• **EXERCISE**: Using the entries that follow, write out the line containing "Afyonkarahisar’da U11-U13 Türkiye", the line containing "Galaxy S24 after", and every line between them, exactly and nothing else.

• **SUPPLIED DATA**:
►

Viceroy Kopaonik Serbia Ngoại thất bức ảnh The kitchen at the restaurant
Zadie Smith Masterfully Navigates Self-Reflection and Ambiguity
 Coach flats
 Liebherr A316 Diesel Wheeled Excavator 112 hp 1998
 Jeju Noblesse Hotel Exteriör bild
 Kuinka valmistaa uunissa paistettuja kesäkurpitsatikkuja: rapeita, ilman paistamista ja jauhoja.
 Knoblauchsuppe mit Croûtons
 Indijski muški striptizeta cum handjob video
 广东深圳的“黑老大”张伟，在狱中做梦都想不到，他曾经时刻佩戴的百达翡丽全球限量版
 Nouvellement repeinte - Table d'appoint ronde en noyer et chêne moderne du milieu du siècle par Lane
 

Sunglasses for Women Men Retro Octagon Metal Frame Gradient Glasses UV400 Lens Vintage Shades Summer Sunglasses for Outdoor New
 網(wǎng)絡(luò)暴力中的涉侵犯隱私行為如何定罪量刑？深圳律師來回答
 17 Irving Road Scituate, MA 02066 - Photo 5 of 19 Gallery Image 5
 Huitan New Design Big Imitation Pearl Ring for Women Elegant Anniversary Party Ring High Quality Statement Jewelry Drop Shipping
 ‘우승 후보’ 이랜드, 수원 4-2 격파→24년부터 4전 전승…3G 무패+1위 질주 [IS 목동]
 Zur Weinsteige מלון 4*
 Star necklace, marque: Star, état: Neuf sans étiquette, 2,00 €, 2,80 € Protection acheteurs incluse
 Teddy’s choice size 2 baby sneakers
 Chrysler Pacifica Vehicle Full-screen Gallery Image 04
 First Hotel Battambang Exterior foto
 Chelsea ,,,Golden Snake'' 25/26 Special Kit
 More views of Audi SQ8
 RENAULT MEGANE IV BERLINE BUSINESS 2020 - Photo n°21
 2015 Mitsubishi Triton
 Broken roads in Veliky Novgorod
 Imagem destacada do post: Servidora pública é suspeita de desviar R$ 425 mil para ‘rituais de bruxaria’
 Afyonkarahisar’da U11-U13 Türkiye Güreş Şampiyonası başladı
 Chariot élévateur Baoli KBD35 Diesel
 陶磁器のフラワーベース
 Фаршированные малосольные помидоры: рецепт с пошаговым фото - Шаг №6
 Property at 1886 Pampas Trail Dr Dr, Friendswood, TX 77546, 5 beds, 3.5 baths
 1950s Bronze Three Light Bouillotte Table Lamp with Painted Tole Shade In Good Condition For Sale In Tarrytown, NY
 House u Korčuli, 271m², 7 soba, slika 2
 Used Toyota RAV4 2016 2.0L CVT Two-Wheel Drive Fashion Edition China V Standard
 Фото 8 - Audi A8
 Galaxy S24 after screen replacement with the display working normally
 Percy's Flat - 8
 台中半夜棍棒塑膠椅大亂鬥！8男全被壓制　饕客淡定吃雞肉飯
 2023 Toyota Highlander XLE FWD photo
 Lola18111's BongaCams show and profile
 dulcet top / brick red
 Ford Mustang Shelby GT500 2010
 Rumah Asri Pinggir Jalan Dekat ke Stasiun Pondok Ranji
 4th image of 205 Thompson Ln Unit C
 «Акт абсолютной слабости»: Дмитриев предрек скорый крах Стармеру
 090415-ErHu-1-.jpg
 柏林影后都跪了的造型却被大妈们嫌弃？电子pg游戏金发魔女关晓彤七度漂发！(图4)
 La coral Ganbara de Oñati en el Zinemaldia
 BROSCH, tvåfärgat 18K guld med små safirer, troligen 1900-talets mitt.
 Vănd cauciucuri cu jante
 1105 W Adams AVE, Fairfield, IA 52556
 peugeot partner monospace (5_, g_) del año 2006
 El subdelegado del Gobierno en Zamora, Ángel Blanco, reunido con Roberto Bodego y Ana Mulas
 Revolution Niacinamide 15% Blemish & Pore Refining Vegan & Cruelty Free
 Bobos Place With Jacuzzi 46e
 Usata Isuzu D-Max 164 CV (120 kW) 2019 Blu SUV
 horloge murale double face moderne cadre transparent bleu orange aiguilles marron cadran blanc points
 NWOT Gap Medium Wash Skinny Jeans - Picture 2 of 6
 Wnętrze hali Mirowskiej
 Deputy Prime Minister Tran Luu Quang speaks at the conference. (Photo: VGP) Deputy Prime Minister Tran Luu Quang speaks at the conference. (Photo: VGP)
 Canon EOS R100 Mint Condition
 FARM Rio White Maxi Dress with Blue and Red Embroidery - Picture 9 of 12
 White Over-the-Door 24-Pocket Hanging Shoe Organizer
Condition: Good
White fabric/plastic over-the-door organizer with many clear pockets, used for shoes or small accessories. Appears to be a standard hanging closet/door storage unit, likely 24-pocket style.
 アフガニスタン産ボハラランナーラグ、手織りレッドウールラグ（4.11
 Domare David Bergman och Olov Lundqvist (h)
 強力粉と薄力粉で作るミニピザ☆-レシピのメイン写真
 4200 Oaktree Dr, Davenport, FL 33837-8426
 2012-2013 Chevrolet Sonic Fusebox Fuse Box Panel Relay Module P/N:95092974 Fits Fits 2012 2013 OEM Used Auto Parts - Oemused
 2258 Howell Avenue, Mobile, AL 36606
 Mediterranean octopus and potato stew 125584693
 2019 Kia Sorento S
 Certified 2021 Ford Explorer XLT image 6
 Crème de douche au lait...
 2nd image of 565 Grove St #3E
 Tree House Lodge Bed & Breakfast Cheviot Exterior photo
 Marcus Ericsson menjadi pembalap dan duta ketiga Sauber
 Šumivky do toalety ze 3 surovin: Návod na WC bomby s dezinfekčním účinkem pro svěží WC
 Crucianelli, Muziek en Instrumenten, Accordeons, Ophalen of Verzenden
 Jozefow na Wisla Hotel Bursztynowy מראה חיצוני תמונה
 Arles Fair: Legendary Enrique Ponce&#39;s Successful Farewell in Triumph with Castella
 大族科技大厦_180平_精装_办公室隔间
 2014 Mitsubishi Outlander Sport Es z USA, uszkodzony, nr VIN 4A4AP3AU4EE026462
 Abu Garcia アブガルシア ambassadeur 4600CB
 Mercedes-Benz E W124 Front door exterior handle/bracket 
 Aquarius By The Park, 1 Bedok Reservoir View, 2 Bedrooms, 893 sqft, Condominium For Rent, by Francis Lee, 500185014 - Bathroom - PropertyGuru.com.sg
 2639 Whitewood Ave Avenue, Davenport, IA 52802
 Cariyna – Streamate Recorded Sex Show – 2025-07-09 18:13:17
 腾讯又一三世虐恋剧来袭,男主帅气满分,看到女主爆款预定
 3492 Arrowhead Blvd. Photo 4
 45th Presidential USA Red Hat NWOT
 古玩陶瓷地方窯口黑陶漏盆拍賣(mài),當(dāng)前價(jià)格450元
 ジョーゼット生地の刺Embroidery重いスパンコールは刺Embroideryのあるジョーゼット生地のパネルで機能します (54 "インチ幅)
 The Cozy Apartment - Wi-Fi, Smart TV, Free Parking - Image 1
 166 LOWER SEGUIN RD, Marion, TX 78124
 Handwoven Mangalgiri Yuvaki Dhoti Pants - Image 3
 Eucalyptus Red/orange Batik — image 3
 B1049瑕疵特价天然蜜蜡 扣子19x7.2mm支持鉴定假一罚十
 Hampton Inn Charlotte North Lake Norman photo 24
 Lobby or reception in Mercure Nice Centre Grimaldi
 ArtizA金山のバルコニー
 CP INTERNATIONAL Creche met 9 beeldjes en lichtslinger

◄

• **ANSWER BOX**:
 Afyonkarahisar’da U11-U13 Türkiye Güreş Şampiyonası başladı
 Chariot élévateur Baoli KBD35 Diesel
 陶磁器のフラワーベース
 Фаршированные малосольные помидоры: рецепт с пошаговым фото - Шаг №6
 Property at 1886 Pampas Trail Dr Dr, Friendswood, TX 77546, 5 beds, 3.5 baths
 1950s Bronze Three Light Bouillotte Table Lamp with Painted Tole Shade In Good Condition For Sale In Tarrytown, NY
 House u Korčuli, 271m², 7 soba, slika 2
 Used Toyota RAV4 2016 2.0L CVT Two-Wheel Drive Fashion Edition China V Standard
 Фото 8 - Audi A8
 Galaxy S24 after screen replacement with the display working normally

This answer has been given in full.